Consider the listing below. Extract exactly the lines from the line containing "Schmales Kurzarm-Hemdblusenkleid aus" to the line containing "Trampoline - Rebounder", both included.

INFORMATION SUPPLIED =
»»

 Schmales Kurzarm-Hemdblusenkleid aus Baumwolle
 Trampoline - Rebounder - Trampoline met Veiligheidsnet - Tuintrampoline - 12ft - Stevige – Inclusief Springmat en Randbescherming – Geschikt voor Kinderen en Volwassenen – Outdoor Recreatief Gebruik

««
»»

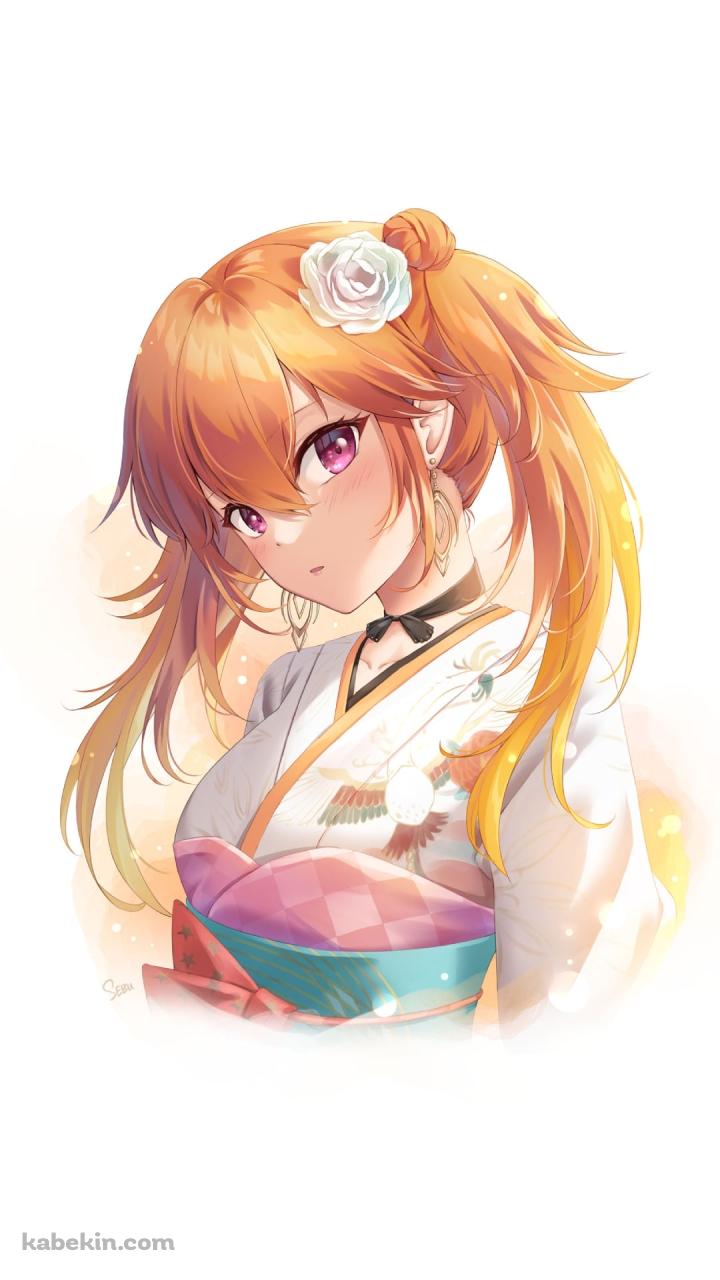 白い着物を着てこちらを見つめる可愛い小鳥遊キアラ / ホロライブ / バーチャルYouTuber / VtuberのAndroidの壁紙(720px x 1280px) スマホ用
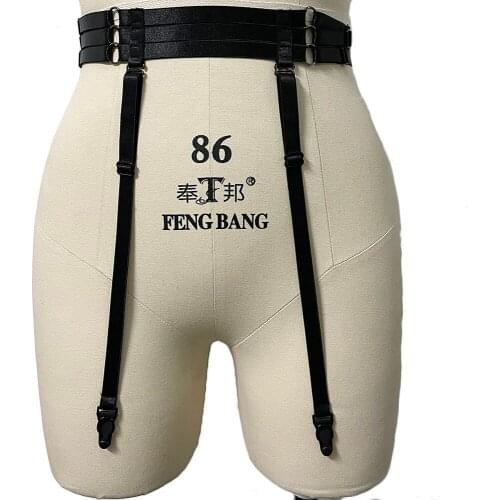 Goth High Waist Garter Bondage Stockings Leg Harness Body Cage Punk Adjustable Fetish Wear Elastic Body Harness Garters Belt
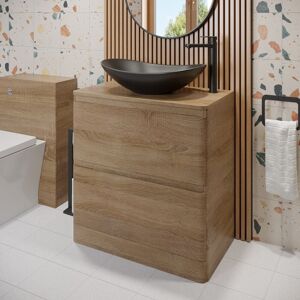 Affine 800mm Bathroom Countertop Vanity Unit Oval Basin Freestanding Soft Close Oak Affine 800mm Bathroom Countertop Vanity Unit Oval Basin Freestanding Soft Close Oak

««
»»

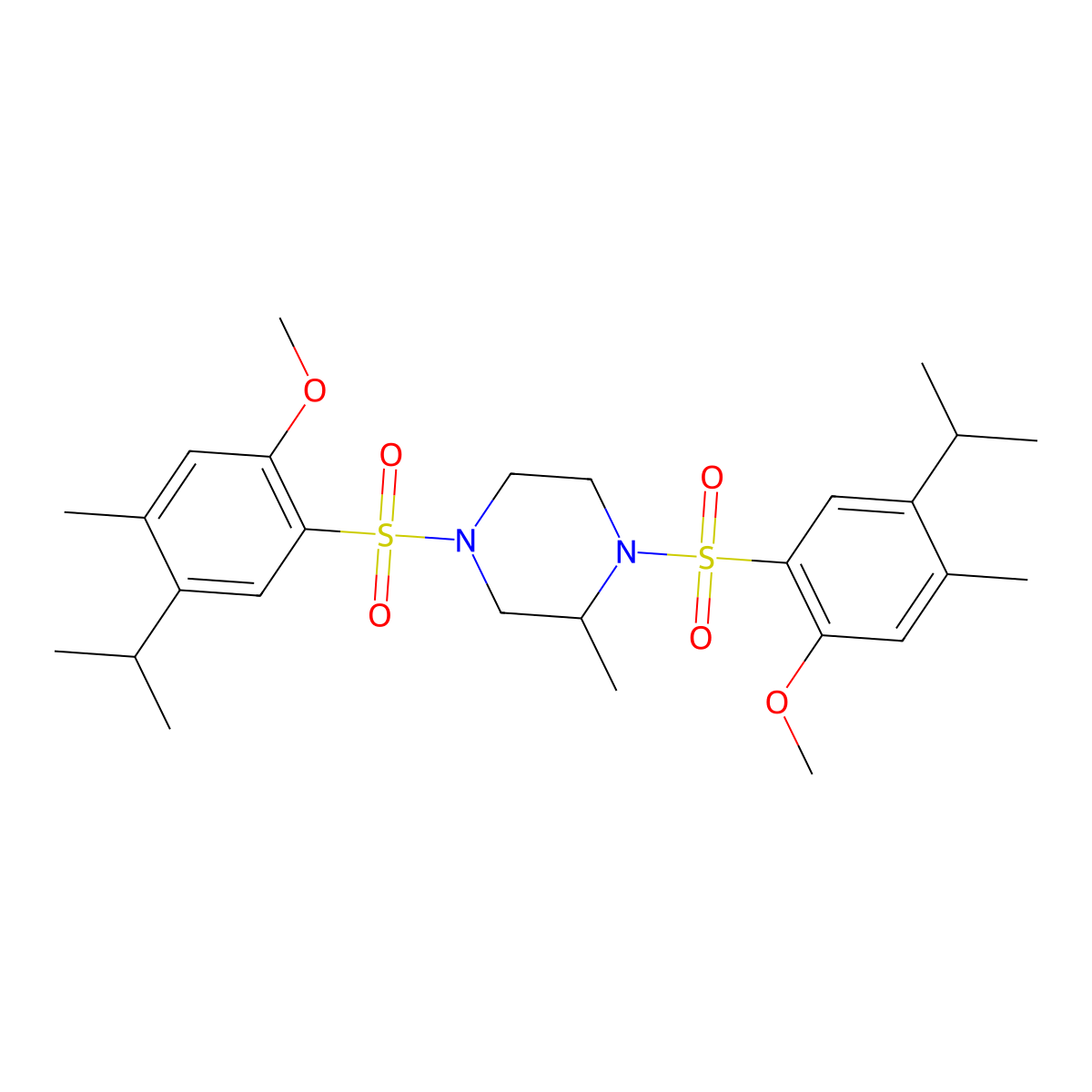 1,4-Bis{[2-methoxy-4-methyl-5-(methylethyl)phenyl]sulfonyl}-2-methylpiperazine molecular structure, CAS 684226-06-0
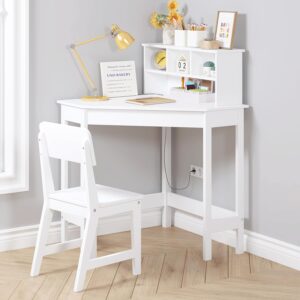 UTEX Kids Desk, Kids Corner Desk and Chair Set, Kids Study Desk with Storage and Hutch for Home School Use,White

««

THE ANSWER =
 Schmales Kurzarm-Hemdblusenkleid aus Baumwolle
 Trampoline - Rebounder - Trampoline met Veiligheidsnet - Tuintrampoline - 12ft - Stevige – Inclusief Springmat en Randbescherming – Geschikt voor Kinderen en Volwassenen – Outdoor Recreatief Gebruik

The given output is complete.